#### WHAT TO WORK ON:
Repeat the data word for word, excluding every picture.

Top of DATASET CONTENT

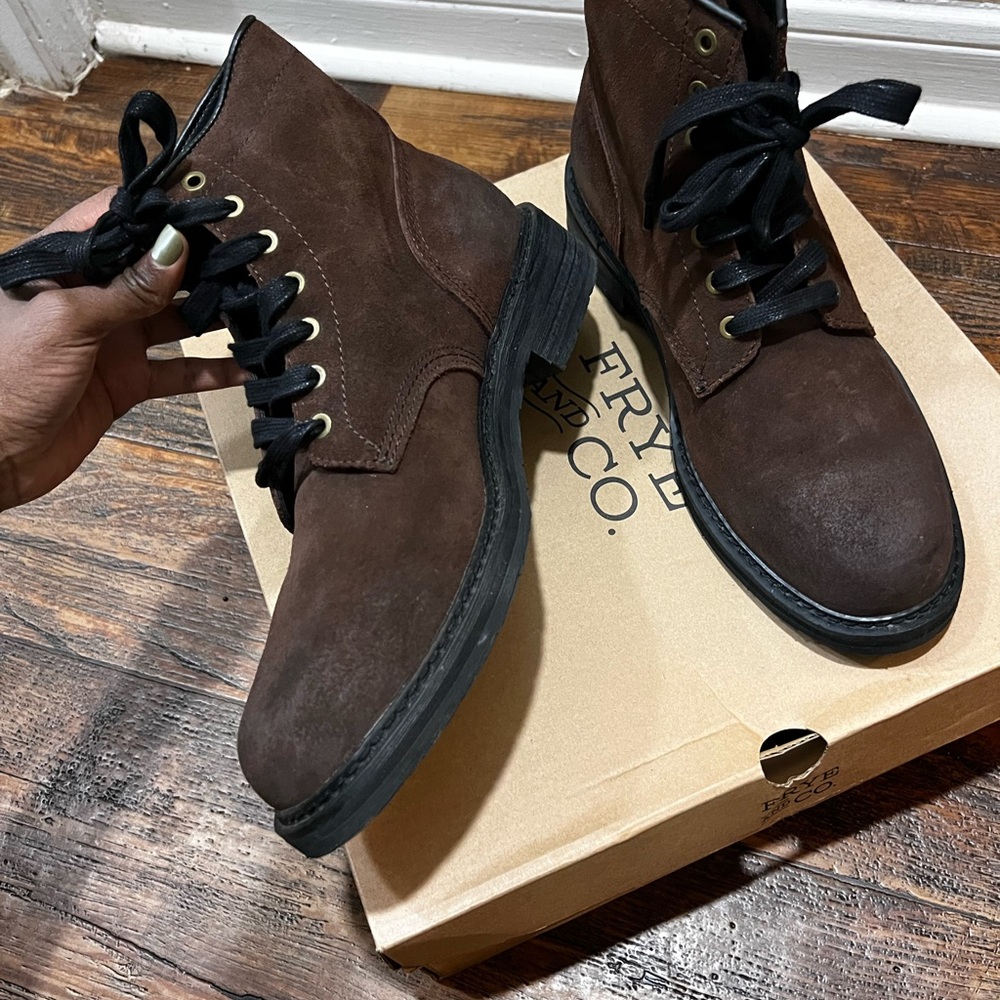 Frye Men's Brown Leather Boots - Picture 4 of 6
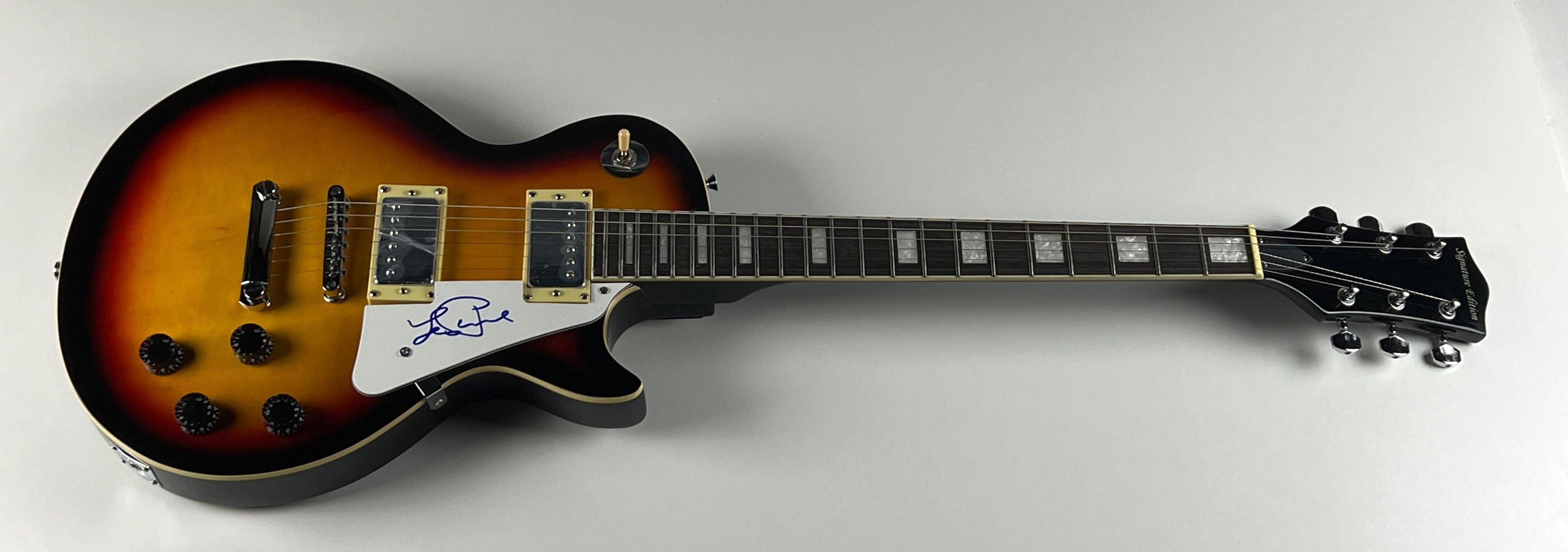 Les Paul Signed 39" Electric Guitar (JSA) at PristineAuction.com Les Paul Signed 39" Electric Guitar (JSA) at PristineAuction.com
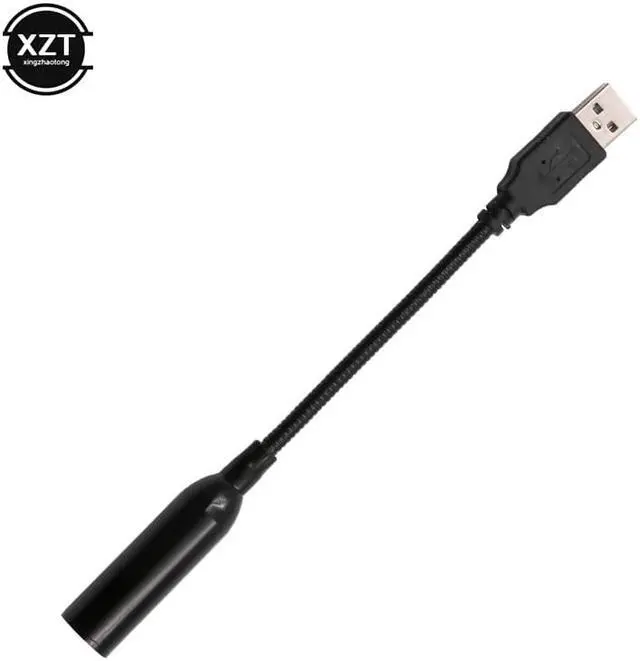 Alt view image 5 of 5 - 1PCS Portable Mini Mic Stereo Adjustable USB 2.0 chatting sound recording Microphone for PC Computer Linux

Bottom of DATASET CONTENT

#### TASK ANSWER:
 Frye Men's Brown Leather Boots - Picture 4 of 6
 Les Paul Signed 39" Electric Guitar (JSA) at PristineAuction.com Les Paul Signed 39" Electric Guitar (JSA) at PristineAuction.com
 Alt view image 5 of 5 - 1PCS Portable Mini Mic Stereo Adjustable USB 2.0 chatting sound recording Microphone for PC Computer Linux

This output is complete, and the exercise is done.